§ **What to do**:
In your copy, include every line of the records exactly and no picture at all.

-.-.-

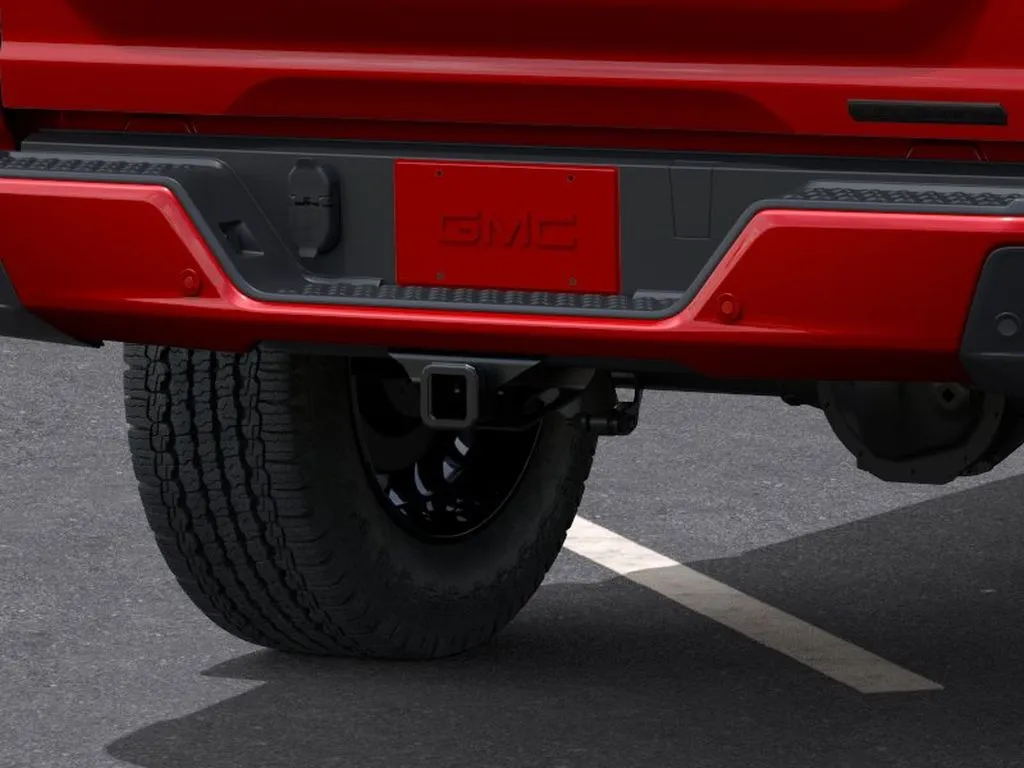 GMC Canyon photo 14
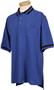 TRI MOUNTAIN Teammate Knit Golf Shirt w/Pocket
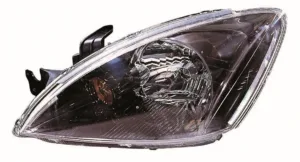 Faro Izquierdo Electrico para Mitsubishi LANCER 2004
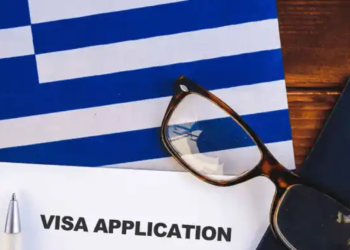 Greece Working Holiday Visa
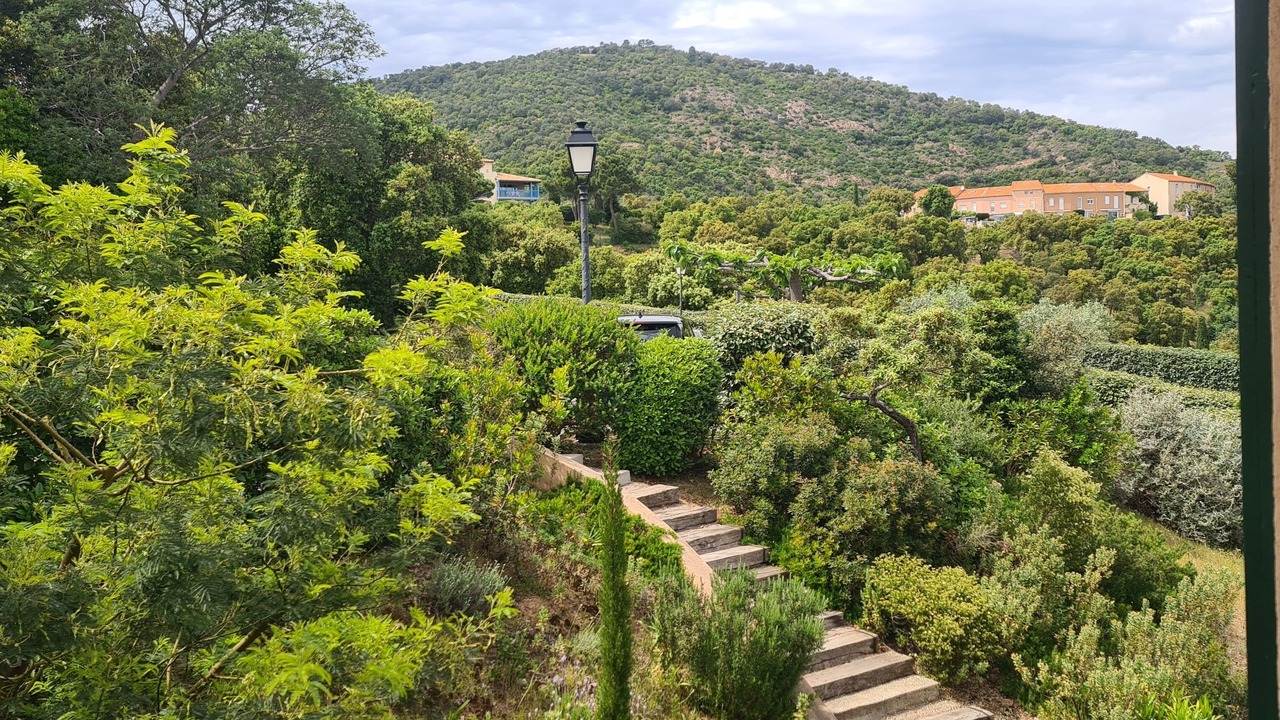 Photo of Outdoor in Les Issambres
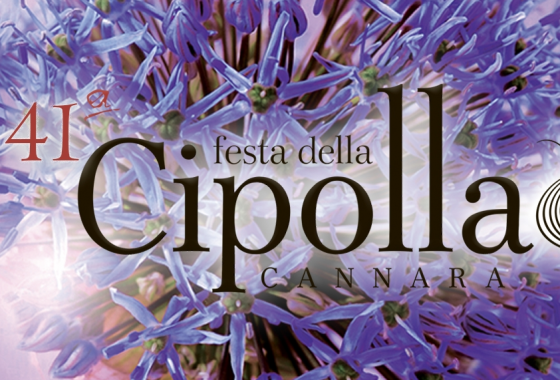 Festa della Cipolla di Cannara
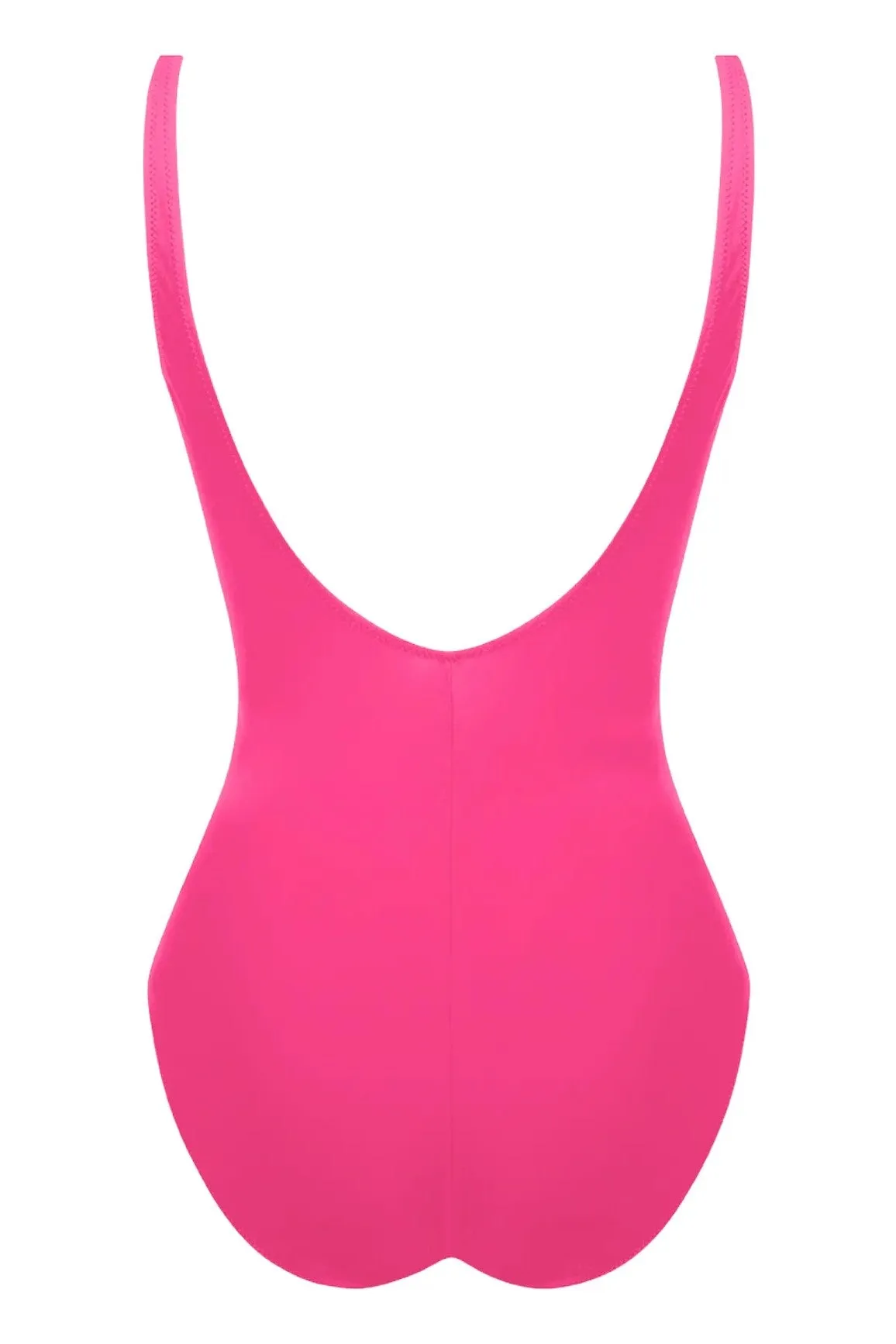 Antigel 14b La Chiquissima Non Wire Halter Swimsuit sold by Antigel product image thumbnail 2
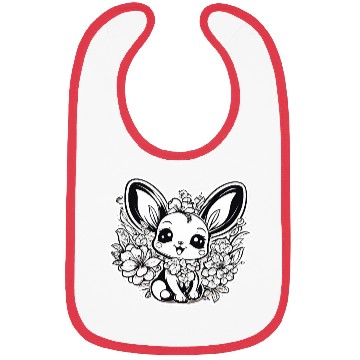 Discover anime fenec Bibs
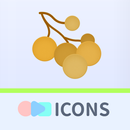 Longan - Icon Pack ( Alpha ) APK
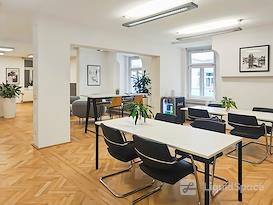 Regus | Vienna, Graben 19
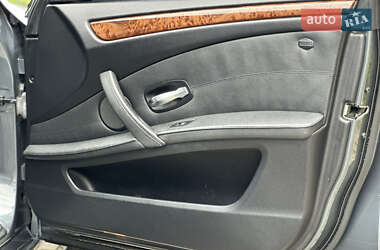 Універсал BMW 5 Series 2007 в 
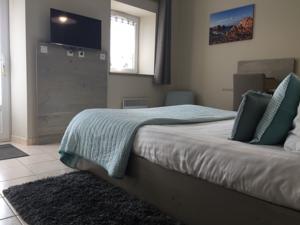 Chambres d'hotes/B&B Chambres d'hotes Penker : Chambre Familiale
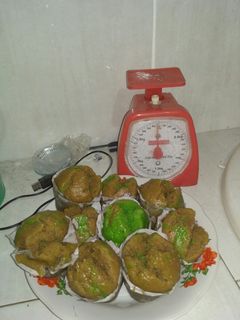 Foto resep Bolu kukus no mixer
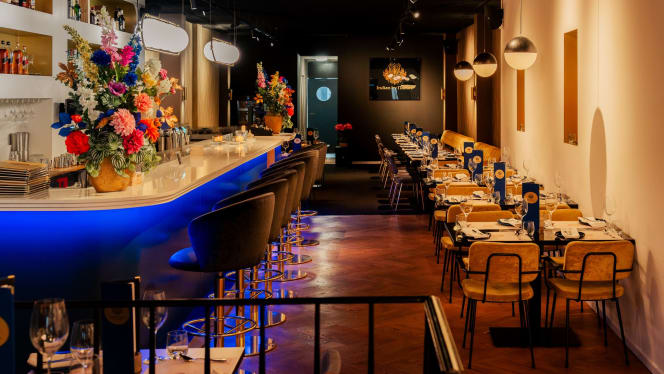 Indian by Nature - 8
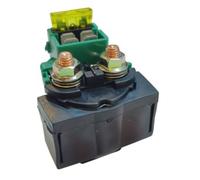 TECNIUM Relais de démarreur by DZE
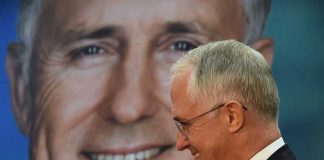 Malcolm Turnbull: a prime minister on probation in search of a mandate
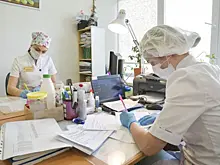 В Приволжье у мужчины выявили редкую опухоль в носу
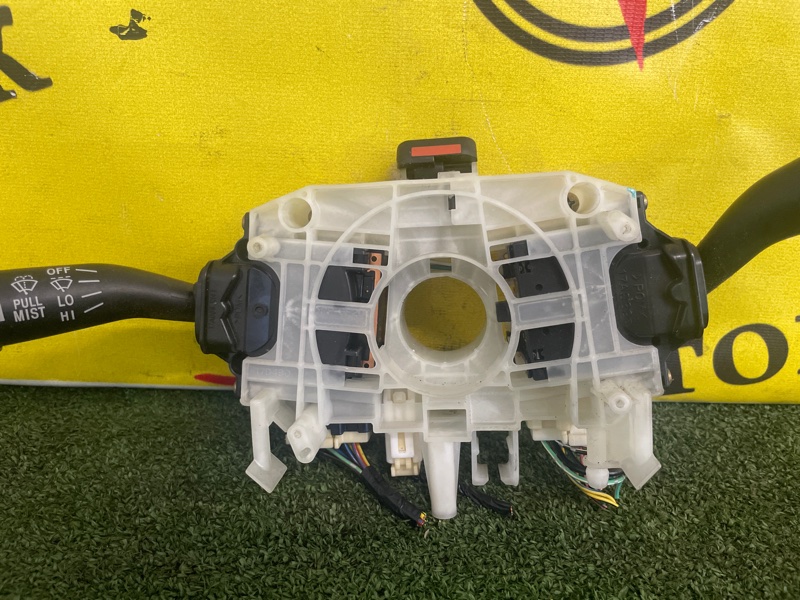 Переключатель подрулевой, 500 рублей, Красноярск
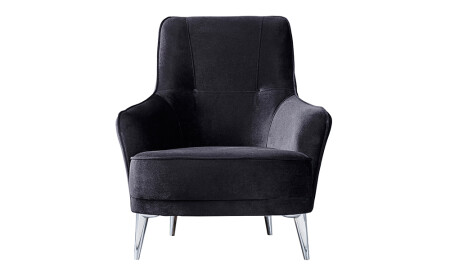 Meridyen Armchair V2 - Cadde Yıldız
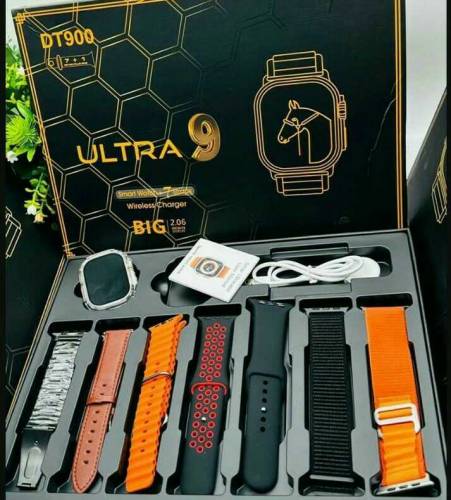 smart watch 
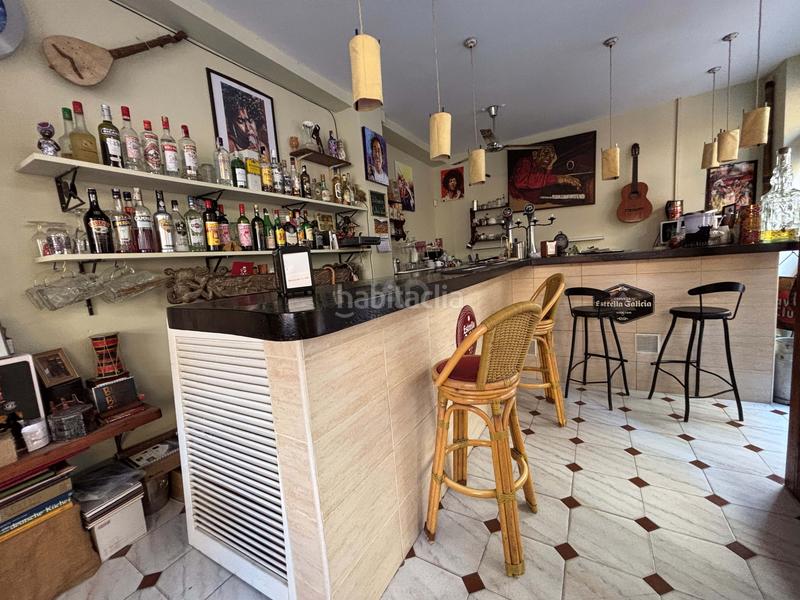 Foto b9a88718-9c38-4212-bd16-5dcd34938082. Business premise in Centro Urbano Dénia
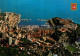 72889604 Monaco Fliegeraufnahme Principaute Hafen Monaco - Altri & Non Classificati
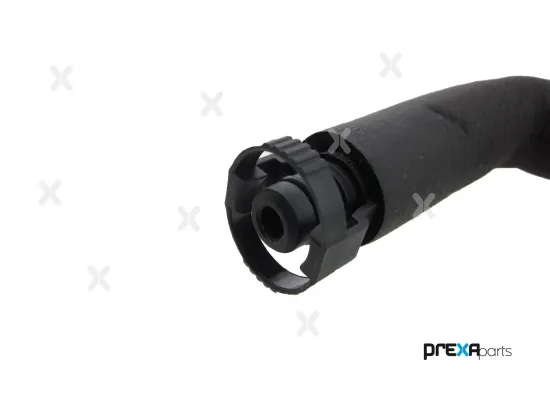 Schlauch, Kurbelgehäuseentlüftung oben PREXAparts P226176 Bild Schlauch, Kurbelgehäuseentlüftung oben PREXAparts P226176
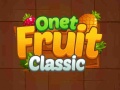 Gra Onet Fruit Classic
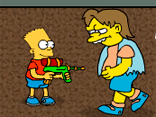 Bart Watergun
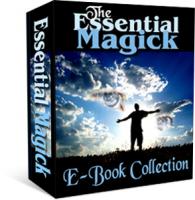 The Essential Magick Collection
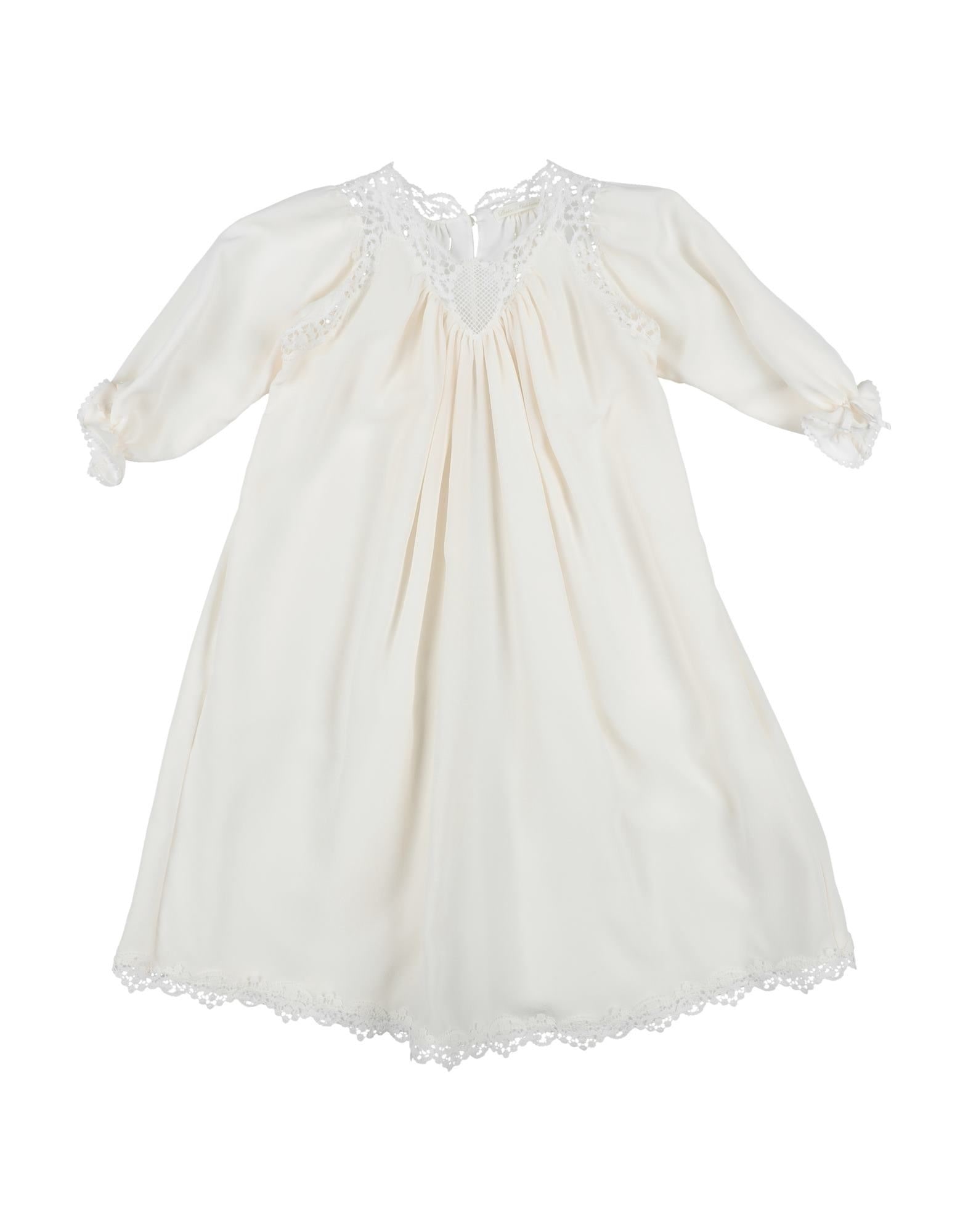 DOLCE&GABBANA - Baby dresses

-.-.-

§ **Answer for this exercise**:
 GMC Canyon photo 14
 TRI MOUNTAIN Teammate Knit Golf Shirt w/Pocket
 Faro Izquierdo Electrico para Mitsubishi LANCER 2004
 Greece Working Holiday Visa
 Photo of Outdoor in Les Issambres
 Festa della Cipolla di Cannara
 Antigel 14b La Chiquissima Non Wire Halter Swimsuit sold by Antigel product image thumbnail 2
 Discover anime fenec Bibs
 Longan - Icon Pack ( Alpha ) APK
 Regus | Vienna, Graben 19
 Універсал BMW 5 Series 2007 в 
 Chambres d'hotes/B&B Chambres d'hotes Penker : Chambre Familiale
 Foto resep Bolu kukus no mixer
 Indian by Nature - 8
 TECNIUM Relais de démarreur by DZE
 Malcolm Turnbull: a prime minister on probation in search of a mandate
 В Приволжье у мужчины выявили редкую опухоль в носу
 Переключатель подрулевой, 500 рублей, Красноярск
 Meridyen Armchair V2 - Cadde Yıldız
 smart watch 
 Foto b9a88718-9c38-4212-bd16-5dcd34938082. Business premise in Centro Urbano Dénia
 72889604 Monaco Fliegeraufnahme Principaute Hafen Monaco - Altri & Non Classificati
 Schlauch, Kurbelgehäuseentlüftung oben PREXAparts P226176 Bild Schlauch, Kurbelgehäuseentlüftung oben PREXAparts P226176
 Gra Onet Fruit Classic
 Bart Watergun
 The Essential Magick Collection
 DOLCE&GABBANA - Baby dresses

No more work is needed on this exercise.